Syllabus: GS3/ Economy
Context
- The Government of India has successfully met its fiscal deficit target of 4.8% of GDP for the financial year 2024-25, as per provisional data released by the Controller General of Accounts (CGA).
Key Highlights of the FY25 Fiscal Performance
- In 2024–25, the Government of India recorded a fiscal deficit of ₹15.77 lakh crore, which amounted to 4.8% of the GDP, in line with its revised estimates.
- The central government’s total revenue stood at ₹30.78 lakh crore.
- Net tax revenue amounted to ₹24.99 lakh crore, which was 97.7% of the government’s target.
- The government earned ₹10,131 crore from disinvestment of public sector undertakings in 2024–25.
- This contributed to the miscellaneous capital receipts but remained far below the target.

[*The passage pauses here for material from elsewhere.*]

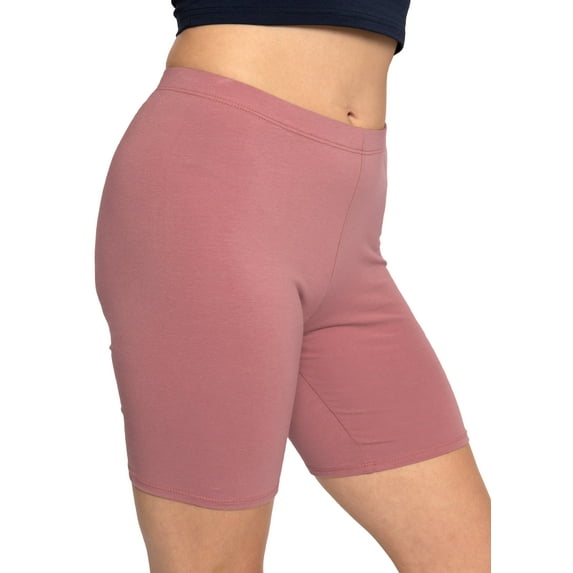 Stretch Is Comfort Women's Cotton Biker Shorts Dark Mauve Small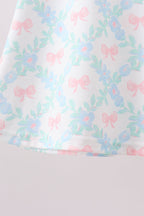 Pink Floral Bow Print Scalloped Shorts Set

- Total government expenditure stood at ₹46.55 lakh crore, which was 97.8% of the revised estimate.
- Capital expenditure, which refers to spending on long-term assets like infrastructure, reached ₹10.52 lakh crore.
- Revenue expenditure stood at ₹36.03 lakh crore.
What is the fiscal deficit?
- Fiscal Deficit is defined as excess of total budget expenditure (revenue and capital) over total budget receipts (revenue and capital) excluding borrowings during a fiscal year.
- Fiscal Deficit = Total Expenditure – (Revenue Receipts + Non-Debt Creating Capital Receipts).
Implications of fiscal deficit
- Inflationary Pressure: Persistently high fiscal deficits lead to inflation as governments resort to central bank-issued money to finance the deficit.
- Crowding Out effect: When the government borrows a large portion of available funds from financial markets to finance its deficit, it crowds out private investment with reduced access to credit for businesses and individuals.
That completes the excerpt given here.